Wanderday Microfiber Towel Set  Comes in a really nice bag with mesh window, which I use for toiletries. A beach towel size with a zipper pocket in the corner, and a hand towel I use for absorbing stains, rolling swimsuits, etc.

Dipo U-Shape Memory Foam Travel Pillow Memory foam is worth it, and so is the high U-shape profile. Microbeads just don’t provide enough structure to maintain a comfortable sleeping position. This rolls down very small, we hung it inside its sack from our in-flight bag. Comes with an eye mask. Also has a sleeve for putting your phone into for listening to music.

Tough Love Silicone Wedding Rings  Some people get metal decoy rings. I like the silicone because it’s comfortable even when your fingers swell in the heat, when you work out, play jazz flute, etc.

The Toiletries

These are only the toiletries we couldn’t buy in-country, which is almost everything. A few brands I’ve been using for years and stick with.

Aveeno positively ageless moisturizer SPF 30 Great daily SPF face lotion for sensitive skin.

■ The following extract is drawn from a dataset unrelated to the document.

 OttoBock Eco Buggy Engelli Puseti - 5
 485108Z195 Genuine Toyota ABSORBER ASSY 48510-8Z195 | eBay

Covergirl Supersizer Waterproof Mascara

Comfy Travel Toob 3-1-1 Bottles  Love the hand feel of these silicone bottles. You can twist the cap to choose the label “Shampoo,” “Lotion,” “Condit.” They have an okay suction cup for hanging in the shower. Mostly I like their leak-proof squeeze action. I keep face wash, toothpaste, and conditioner in mine.

Folca 8 Compartment Pill Case  LOVE this for the small things: bobby pins, hair ties, earrings (fairly flat ones), some Advil migraine, melatonin for sleeping, etc. We have two of these.

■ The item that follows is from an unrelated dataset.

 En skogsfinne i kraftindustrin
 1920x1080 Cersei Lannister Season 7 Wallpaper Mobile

Tide Stain Pen  No explanation necessary.

That’s it. This nomad family pack list fits into two of three packs  – an eBags TLS Motherload and our smaller in-flight bag with family travel essentials. See our last post for David’s clothing and gear.

Are you a digital nomad family with a packlist to share? Let us know! We’re always keen to get a peek at other family packlists to see what we may be missing out on.

 

7 Comments

  • Sarah, you’ve given me some great ideas which I’ll check out. My poor carry on suitcase that has stood the test of many trips has finally bitten the dust after the handle getting yanked off in the Chiang Mai airport so I’ll be looking for a replacement. Lv, Aunt Carol

  • Sara Longsmith says:

    Great post! I never leave home without a rayon sarong (use for towel, warm weather shawl, skirt, beach dress/cover up, and so much more), and a large cotton scarf useful for keeping dust/pollution away from face, warmth around throat area, blocks light on transportation, folds in a variety of ways).

    • Sarah B says:

      Hey Sara, those are both great ideas, thanks! Now that we’re back in Europe I’ve also started bringing a scarf with me all the time, not least because I have to bend over so much with the toddler and I don’t want to give a peep show! We’re making a fair trade Alpaca scarf for this purpose; is Alpaca a material you’d buy, or definitely only cotton?

      • Sara Longsmith says:

        Alpaca is a great fiber, so soft and washable. I’d go for the Alpaca for warmth and then a cotton one as well for warmer seasons or climates, and dries quickly. One thing you didn’t cover that I have a question about is how you carry around your toddler? Do you bring a sling, wrap or soft-structured carrier of some sort for when he needs extra comfort or gets tired?

        • Sarah B says:

          That’s a good question. It seems every Mom uses something different; when our son was really small, we used an Ergobaby soft structured carrier that was easy to get into and out of. I just didn’t get the hang of the wrap I had, and liked the Ergobaby. Now that he’s almost three and walks until he’s too tired, I REALLY want to get one of these (http://piggybackrider.com). Currently, I don’t use anything, though I should. I just carry him (centered with his legs around my waist so it doesn’t give me hip or spine problems), and appreciate the arm workout I wouldn’t get otherwise. This isn’t too bad because our packs are pretty light, but we’d have more hands free if we could get that piggyback rider!

          • Sara Longsmith says:

            Neat! I have not come across the piggyback rider before. Looks great and lightweight.